Microsoft data scientists Gopi Krishna Kumar, Hang Zhang and Jacob Spoelstra developed a methodology for data science, which they presented at the Microsoft Machine Learning and Data Science Summit 2016 in September. David Smith reports. The method, which the authors call Team Data Science Process, includes a standard directory structure for managing project artifacts using a system such as Git. It also includes open source utilities to support the process.

Other than that, it was a quiet year in Redmond.

Oracle

Oracle has a surprisingly robust set of machine learning tools that appeal to Oracle-centric organizations. They include:

Oracle Data Mining (ODM), a suite of machine learning algorithms that run as native SQL functions in Oracle Database.

Oracle Data Miner, a client application for ODM with a business user interface.

Oracle R Distribution (ORD), an enhanced free R distribution.

Oracle R Enterprise (ORE), Oracle R Distribution packaged with tools to integrate R with Oracle Database.

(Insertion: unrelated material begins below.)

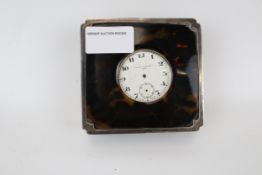 A travelling clock in a silver and tortoise shell case.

Oracle R Advanced Analytics for Hadoop (ORAAH), a set of R bindings with native algorithms and an interface to Spark.

Oracle claims that ORAAH’s native algorithms are faster than Spark, but ORAAH has only two algorithms, so nobody cares. Oracle OEMs Cloudera, so the Spark release is at least one major release behind the rest of the world.

Other than some dot releases for the components cited above, I don’t see a lot of movement for Oracle in 2016.

SAP

SAP introduced an update to its predictive analytics capabilities, now branded as SAP Business Objects Predictive Analytics 3.0. This product includes two separate automation capabilities, one branded as Predictive Factory, the second as HANA Automated Predictive Library. Predictive Factory, like SAS Factory Miner, is a scripting tool that enables a data scientist to create a modeling pipeline and schedules it for execution; it does not automate the data science process itself.  HANA Automated Predictive Library is a set of functional calls that users can include in SQL scripts.

HANA Automated Predictive Library is a set of functional calls that users can include in SQL scripts. It’s a product that might appeal to SAP HANA bigots and nobody else.

SAP acquired KXEN and its InfiniteInsight software in 2014. Customer satisfaction promptly dropped through the floor, and SAP trails all other advanced analytics vendors rated in a Gartner survey. Legacy InfiniteInsight customers fall into two camps: (a) those whose IT organizations are heavily invested in SAP, and (b) everyone else. The former seem to be sticking with the software as SAP integrates it into its product line; the latter are heading for the exits.

Teradata

Declining data warehouse vendor Teradata thinks of itself as an analytics powerhouse. In reality, most of its revenue comes from data warehousing, where the company gets high marks from analysts like Gartner.

You could say that Teradata has a commanding position at the bottom of the analytics stack.

Teradata’s executive leadership — if you can call it that — completely missed the implications of Hadoop and cloud computing. Instead, they bet that the Teradata brand was beloved by IT executives, who would keep on buying boxes in bulk. As a result of that blinkered view of the world, the company today is worth a third of what it was worth five years ago. Its product sales have declined for ten straight quarters, seven in a row at double digits.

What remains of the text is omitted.